Pinging @sjperkins, as these are opened inside the FitsBeamSourceProvider.

sjperkins commented 4 years ago

It seems that many FitsBeamSourceProvider's are created. Is this strictly necessary? If not, FitsBeamSourceProvider has a close() method:

https://github.com/ska-sa/montblanc/blob/master/montblanc/impl/rime/tensorflow/sources/fits_beam_source_provider.py#L408-L414

which can be called explicitly to close the associated files.

sjperkins commented 4 years ago

It might be worth explicitly calling close() on other SourceProviders too.

o-smirnov commented 4 years ago

We create it here: https://github.com/ratt-ru/CubiCal/blob/master/cubical/data_handler/ms_tile.py#L277, but never destroy it. I think this means there's one kept per every tile (and we don't destroy the tile objects...)

So yeah, we clearly need to close() it in MSTile.save().

Do we need to create multiple ones though, or can we reuse the same one? I think we can...

sjperkins commented 4 years ago

We create it here: https://github.com/ratt-ru/CubiCal/blob/master/cubical/data_handler/ms_tile.py#L277, but never destroy it. I think this means there's one kept per every tile (and we don't destroy the tile objects...)

So yeah, we clearly need to close() it in MSTile.save().

Do we need to create multiple ones though, or can we reuse the same one?

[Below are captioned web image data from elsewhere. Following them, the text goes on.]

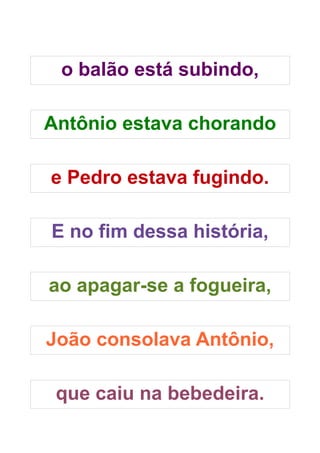 o balão está subindo,

Antônio estava chorando

e Pedro estava fugindo.

E no fim dessa história,

ao apagar-se a fogueira,

João consolava Antônio,

 que caiu na bebedeira.
 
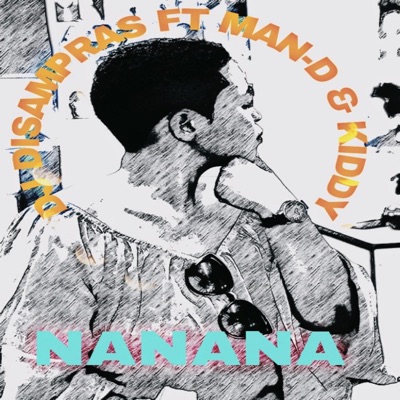NANANA (feat. MAN-D & KIDDY) - Single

I think we can...

Yes it can.

o-smirnov commented 4 years ago

Yep, it doesn't look to depend on anything in the tile per se. So it can be a singleton. I have renamed the issue accordingly.

The other providers do rely on tile-specific data. But they should still be closed after the tile has been processed.

JSKenyon commented 4 years ago

Closed via #402.